The analysis for a list of representative legacy wells is summarized in Table 5. Table 5 lists the representative legacy well location, mean cumulative CO2 and brine leakages to the groundwater aquifer at the end of the 50-year post-injection monitoring period, and also the relative distance of the legacy well from a nearby injection well (i.e., closer or far away from the nearby injection well).
Figure 14 shows the wellbore pressure for the selected legacy wells. It shows wells #7 and #15 have higher wellbore pressure during the time from year 10 to year 25, with well #7 showing the generally highest pressure during this time period. Figure 15 shows that well #15 displays much higher CO2 saturation, wells #6 and #7 show lower CO2 saturation, and wells #11 and #22 show an order of magnitude lower amount of CO2 saturation compared to well #15.
Figure 16 and Figure 17 show the cumulative CO2 and brine leakage to the groundwater aquifer from the selected wells. Well #7 displays the highest cumulative CO2 and brine leakage to the groundwater aquifer. For brine leakage, well #7 displays the highest amount of cumulative leakage, followed by well #15, then well #6, and then wells #11 and #22. CO2 and brine leak very fast through an open well, and leak all CO2 and brine at the well location quickly.
For open well scenario individual well analysis, the situation with multiple injection wells and legacy wells mingled together seems to complicate the analysis in terms of the impact of wellbore pressure, CO2 saturation, and the distance between a legacy well and a nearby injection well on the potential legacy well CO2 and brine leakage. For example, well #6 is farther away from a nearby injection well compared to well #7, but it shows about the same level of CO2 saturation compared to well #7, and it does not show any CO2 leakage. Well #11 is a legacy well that is the closest to a nearby injection well; however, it does not show CO2 leakage either. Well #15 shows the highest level of CO2 saturation, but it has less CO2 leakage compared to well #7, which has a lower level of CO2 saturation but generally higher wellbore pressure during the time period of year 10 to year 25.

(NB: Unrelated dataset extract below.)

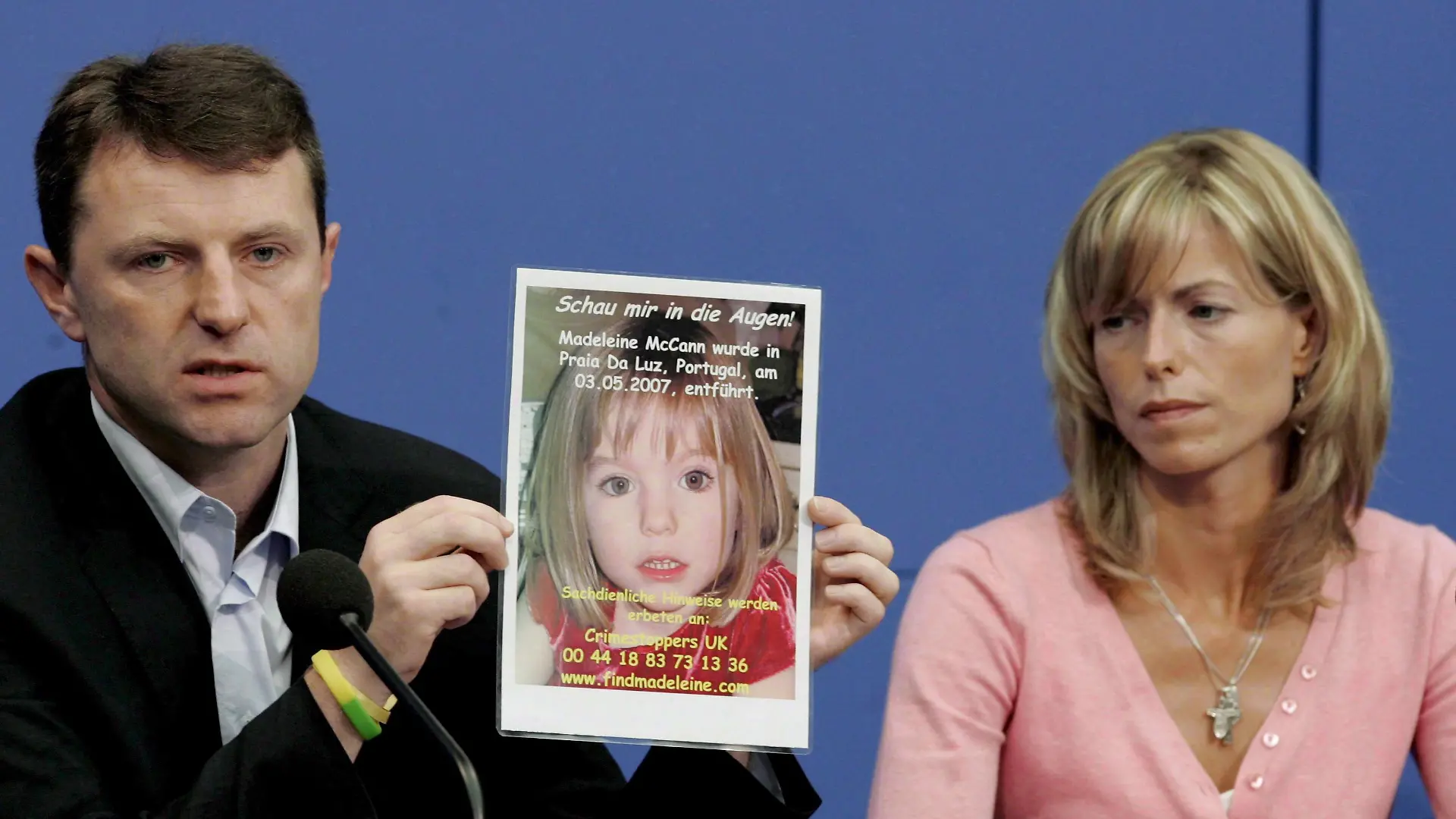 ARCHIV - Kate und Gerry McCann zeigen während einer Pressekonferenz in Berlin ein Bild ihrer Tochter Madeleine (Archivfoto vom 06.06.2007). Für große Aufregung sorgte jetzt die Entdeckung einer bislang nicht nur der Öffentlichkeit, sondern selbst den Eltern des Mädchens unbekannten, aber möglicherweise besonders wichtigen Zeugenaussage. Nur drei Tage nach dem Verschwinden der knapp vierjährigen Maddy am 3. Mai 2007 soll ein kleines Mädchen, das ihr äußerst ähnlich gewesen sei, eine Verkäuferin in Amsterdam um Hilfe gebeten haben. Foto: Soeren Stache (zu dpa-Korr. "Pleiten, Pech und Pannen bei der Polizei - Madeleine-Drama ohne Ende" vom 06.08.2008) +++(c) dpa - Bildfunk+++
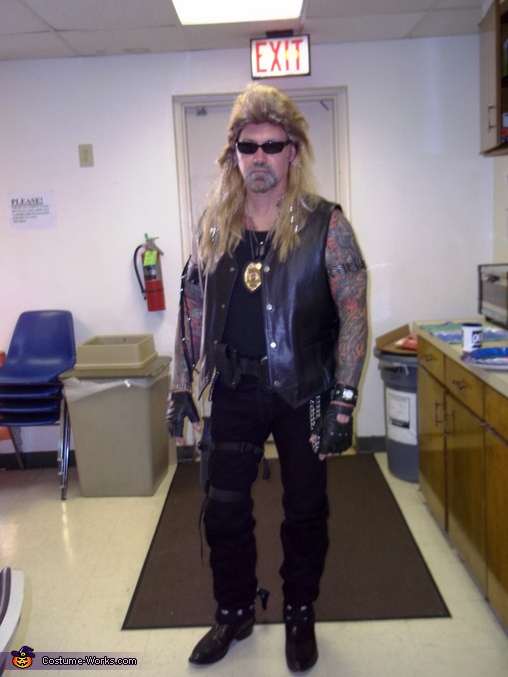 "The Bounty Hunter" Dog and Beth Chapman Halloween costume for couples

3.5. Individual Well Leakage Analysis—Cemented Well Scenario

To check on each well’s contribution towards overall leakage CO2 and brine leakage, analysis is also carried out for cemented wellbore settings. This section describes calculations for individual wells of 31 potential leaking legacy wells at the FWU site with the highest possible effective wellbore permeability (5 × 10−11 m2) allowed in the NRAP integrated assessment model (NRAP-IAM-CS) as a conservative assessment for cemented wellbore potential leakage risk. According to wellbore permeability distribution data from Carey 2017 [26], the effective wellbore permeability value used in this analysis is many orders of magnitude higher compared to the most likely wellbore failure/degradation scenario (outside casing completion failure or degradation of the annulus, approximately 10−24 to 10−16 m2).
Table 6 lists all 31 legacy wells locations, the mean cumulative CO2 and brine leakages to the groundwater aquifer calculated at the end of the 50-year post-injection monitoring period, and their impact on the overlaying groundwater aquifer in terms of pH and TDS plume volume. The table lists CO2 leakage amounts ranked from high to low.
Analyzing leakage results of 31 legacy wells shows that Well #15 (see Figure 18 for well # labeled) has the highest cumulative CO2 leakage amount at the end of the 50-year post-injection monitoring period, while three wells that are located at the site domain edge (Wells #2, 25, and 31) show zero CO2 leakage. The CO2 leakage amount extends in two orders of magnitude, from the lowest 5.38 × 10−6 MT to the highest 6.30 × 10−4 MT for the non-zero CO2 leakage legacy wells.
A list of representative legacy wells is summarized in Table 7. Table 7 lists the representative legacy well’s location, cumulative CO2, and brine leakages to the groundwater aquifer at the end of the 50-year post-injection monitoring period, and also the relative distance of the legacy well from a nearby injection well (i.e., closer or far away from the nearby injection well).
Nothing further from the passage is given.